BY JOE TYRRELL
NEWJERSEYNEWSROOM.COM
MOVIE REVIEW
Like its wiry heroine, "Colombiana" is slightly constructed but still packs a punch.
Taking on yet another action role, Passaic-born Zoe Saldana powers through this revenge fantasy as a perpetual-motion killing machine.
As Catelaya Restrepo, she has her reasons. We meet her at age 9, a dutiful daughter at home in Bogotá, when some of her father's drug-business associates drive up to the house, guns blazing.
In his few remaining moments, Papa (Jesse Borrego) has time to slip a computer chip to his girl, bracingly well played in these early scenes by 12-year-old Amandla Stenberg.
Named after an orchid, young Catelaya is apparently a top member of the gymnastics team at Pablo Escobar Middle School. She eludes the rest in a chase sequence that would do Jason Bourne proud: over rooftops, down buildings, through markets and into sewers.
Arriving where she's been directed, young Cat then barfs up the swallowed chip, along with a large breakfast, on the desk of the CIA station chief, er, the military attaché at the U.S. Embassy.

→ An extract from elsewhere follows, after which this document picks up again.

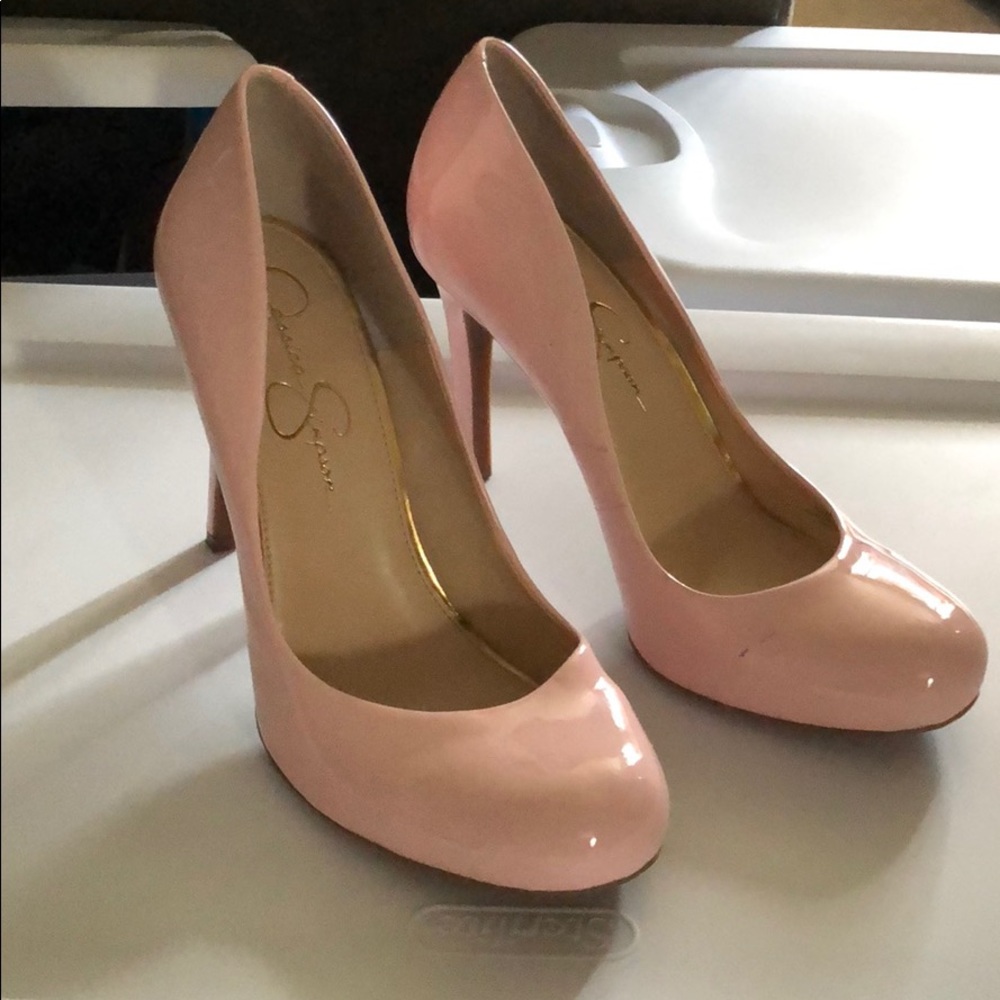 Jessica Simpson pink patent pumps. 8.5 FINAL SALE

Once in Miami, this very resourceful girl gives the slip to her CIA handler and takes a bus to Chicago to renew ties with relatives. All apples have remained directly under this family tree. Uncle Emilio (Cliff Curtis) may not be in law enforcement computers, but when young Catelaya arrives, he's busy beating a man tied in a chair.
When Cat tells him that she wants to be a killer and asks if he can help, his reply is, "Sure." But he does insist on the importance of education, shooting up a moving car on a Chicago street to make his point.

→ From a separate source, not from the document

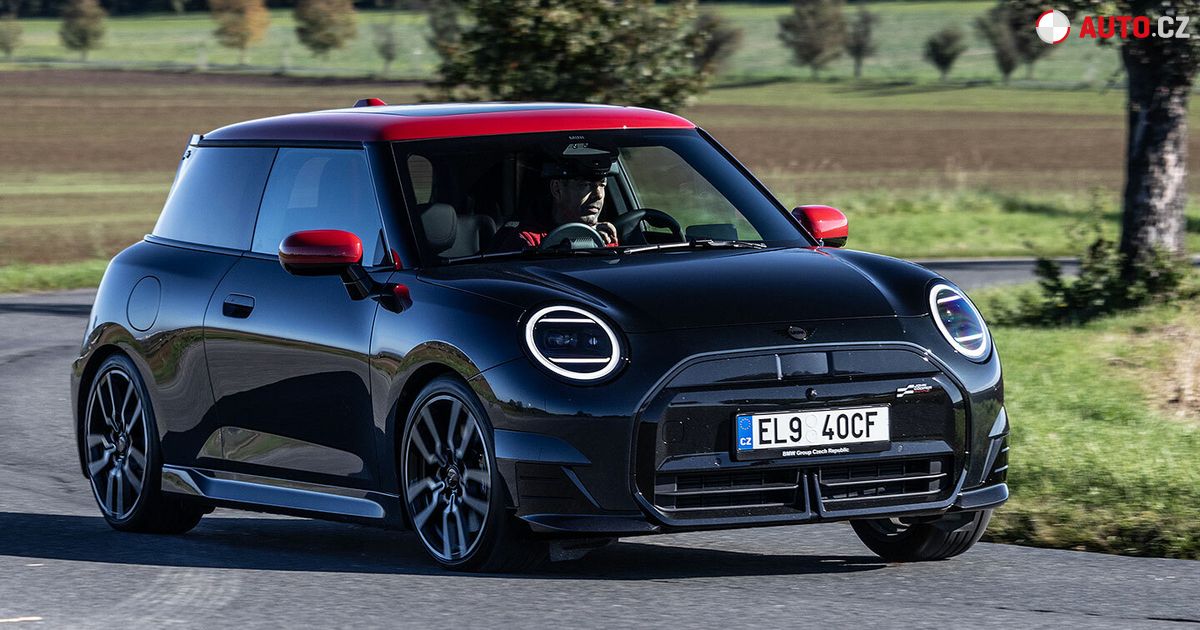 Elektrické Mini se mělo vyrábět v Británii. Cla tento plán překazila ...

There's an antic spirit running through these scenes, a tip-off that the script is by Luc Besson, also the producer, and his frequent writing partner, Robert Mark Kamen, who was responsible for "The Karate Kid."

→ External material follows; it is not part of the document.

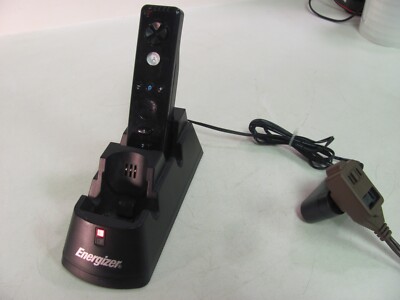 PL-7621 Energizer Nintendo Wii Controller Charging Station with  Controller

In the history of kick-ass heroines, you've got your real-life Scythian warrior princesses/Amazons, your Boadicea, your Jeanne d'Arc, your Fu Hao, your Molly Pitcher, your Rani Lakshmi Bai _ and then a whole armory of characters invented by Besson.
With the original "La Femme Nikita" in 1990, Besson turned gamin Anne Parillaud into something new, Audrey Hepburn with a very bad attitude and very big guns.
The result was an Anglo-American spy fantasy that had undergone French ironic waterboarding: a murderous junkie punk is enfolded to the bosom of the Republic, learns martial arts, appreciation of Nina Simone and how to twirl a scarf just so, then is released as a sober chic assassin.
"Nikita" has spawned several generations of offspring, including the current TV version featuring thin and buff Maggie Q, who captures some of the spirit of the original. Besson has kept recruiting, adding very young Natalie Portman in "The Professional" and very orange Milla Jovovich in "The Fifth Element."